◆ **Task instructions**
Print the lines of the listing below verbatim from its first line through the line bearing "Furnirana nefalcovana vrata, profilisan". Any pictures are to be omitted.

◆ **Available data**
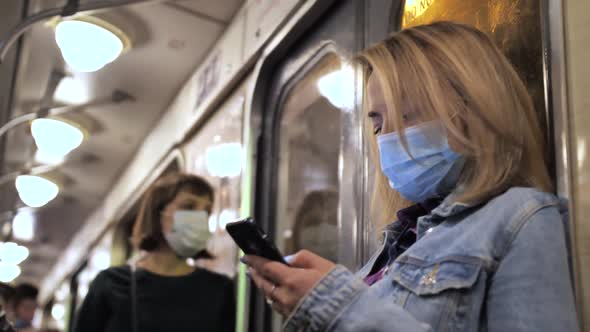 Masked Woman Using Cellphone in Underground Metro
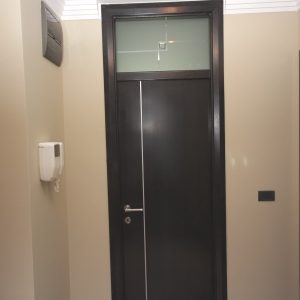 Furnirana nefalcovana vrata, profilisan pervajz, fiksno nadsvetlo sa staklom koje je peskirano po detalju, krilo vrata sa aluminijumskom lajsnom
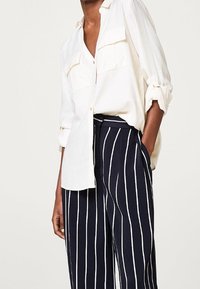 Chemise blanche à boutons avec deux poches poitrine et manches retroussées, associée à un pantalon large rayé bleu marine.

◆ **Answer to this exercise**
 Masked Woman Using Cellphone in Underground Metro
 Furnirana nefalcovana vrata, profilisan pervajz, fiksno nadsvetlo sa staklom koje je peskirano po detalju, krilo vrata sa aluminijumskom lajsnom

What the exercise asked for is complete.